[Work order]
Copy, exactly and without additions, every line in the records below from the one holding "Retractable Lanyard with Diamond Art Sticker" through the one holding "Для Apple Watch", both ends included.

[Records for this task]
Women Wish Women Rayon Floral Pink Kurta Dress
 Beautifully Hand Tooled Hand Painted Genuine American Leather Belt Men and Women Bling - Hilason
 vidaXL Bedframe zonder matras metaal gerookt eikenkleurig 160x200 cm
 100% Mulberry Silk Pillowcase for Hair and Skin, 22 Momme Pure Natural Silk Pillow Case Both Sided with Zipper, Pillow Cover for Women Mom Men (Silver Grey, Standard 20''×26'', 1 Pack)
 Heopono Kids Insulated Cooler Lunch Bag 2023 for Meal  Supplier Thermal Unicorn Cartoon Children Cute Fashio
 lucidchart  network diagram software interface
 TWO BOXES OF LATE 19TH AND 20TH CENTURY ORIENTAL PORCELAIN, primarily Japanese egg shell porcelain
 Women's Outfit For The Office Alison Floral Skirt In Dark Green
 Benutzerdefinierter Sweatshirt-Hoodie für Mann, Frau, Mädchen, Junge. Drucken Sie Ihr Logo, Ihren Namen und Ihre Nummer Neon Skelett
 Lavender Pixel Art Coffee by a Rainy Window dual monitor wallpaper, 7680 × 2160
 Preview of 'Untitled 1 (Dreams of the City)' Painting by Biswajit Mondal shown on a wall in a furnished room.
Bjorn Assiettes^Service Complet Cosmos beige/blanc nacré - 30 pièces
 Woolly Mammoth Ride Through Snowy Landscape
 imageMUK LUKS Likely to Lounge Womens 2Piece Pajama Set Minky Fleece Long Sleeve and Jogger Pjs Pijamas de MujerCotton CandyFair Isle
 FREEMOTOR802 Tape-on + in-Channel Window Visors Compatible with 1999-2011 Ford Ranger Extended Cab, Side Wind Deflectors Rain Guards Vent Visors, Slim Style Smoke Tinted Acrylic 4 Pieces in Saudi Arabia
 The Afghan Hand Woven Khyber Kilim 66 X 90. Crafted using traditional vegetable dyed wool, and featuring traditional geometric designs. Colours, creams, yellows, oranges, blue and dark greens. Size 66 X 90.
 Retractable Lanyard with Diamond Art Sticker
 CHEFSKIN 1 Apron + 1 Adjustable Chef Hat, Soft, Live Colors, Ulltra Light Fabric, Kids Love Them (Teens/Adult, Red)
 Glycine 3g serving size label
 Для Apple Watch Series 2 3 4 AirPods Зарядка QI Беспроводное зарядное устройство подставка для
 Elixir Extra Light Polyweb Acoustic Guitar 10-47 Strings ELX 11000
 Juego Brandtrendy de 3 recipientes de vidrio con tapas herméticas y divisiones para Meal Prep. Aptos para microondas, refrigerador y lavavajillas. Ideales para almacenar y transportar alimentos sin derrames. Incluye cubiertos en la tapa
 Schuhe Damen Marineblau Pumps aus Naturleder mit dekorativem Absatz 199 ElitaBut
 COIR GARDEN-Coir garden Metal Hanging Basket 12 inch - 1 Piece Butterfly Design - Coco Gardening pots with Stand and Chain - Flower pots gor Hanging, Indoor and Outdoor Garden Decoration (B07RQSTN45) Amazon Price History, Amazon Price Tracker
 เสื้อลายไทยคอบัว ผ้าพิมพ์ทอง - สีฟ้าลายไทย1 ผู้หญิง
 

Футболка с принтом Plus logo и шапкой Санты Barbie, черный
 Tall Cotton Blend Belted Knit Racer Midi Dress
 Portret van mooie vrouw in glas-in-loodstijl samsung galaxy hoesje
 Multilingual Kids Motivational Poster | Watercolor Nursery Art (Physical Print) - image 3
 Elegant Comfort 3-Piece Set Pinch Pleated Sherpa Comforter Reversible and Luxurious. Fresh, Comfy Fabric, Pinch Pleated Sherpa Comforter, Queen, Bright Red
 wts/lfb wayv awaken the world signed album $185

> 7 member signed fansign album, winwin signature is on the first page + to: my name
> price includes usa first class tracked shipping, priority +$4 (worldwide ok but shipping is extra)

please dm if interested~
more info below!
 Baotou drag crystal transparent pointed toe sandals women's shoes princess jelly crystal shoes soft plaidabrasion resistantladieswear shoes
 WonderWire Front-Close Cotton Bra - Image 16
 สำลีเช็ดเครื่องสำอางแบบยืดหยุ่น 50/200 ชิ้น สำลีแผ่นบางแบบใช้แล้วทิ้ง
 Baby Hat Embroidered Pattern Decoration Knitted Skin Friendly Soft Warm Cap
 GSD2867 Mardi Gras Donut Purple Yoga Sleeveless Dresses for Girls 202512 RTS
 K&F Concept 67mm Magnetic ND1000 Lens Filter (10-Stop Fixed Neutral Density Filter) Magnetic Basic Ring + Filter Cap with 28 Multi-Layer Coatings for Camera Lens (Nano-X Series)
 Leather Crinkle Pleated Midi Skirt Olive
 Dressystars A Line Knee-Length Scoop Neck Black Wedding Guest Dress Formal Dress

[Solved exercise]
 Retractable Lanyard with Diamond Art Sticker
 CHEFSKIN 1 Apron + 1 Adjustable Chef Hat, Soft, Live Colors, Ulltra Light Fabric, Kids Love Them (Teens/Adult, Red)
 Glycine 3g serving size label
 Для Apple Watch Series 2 3 4 AirPods Зарядка QI Беспроводное зарядное устройство подставка для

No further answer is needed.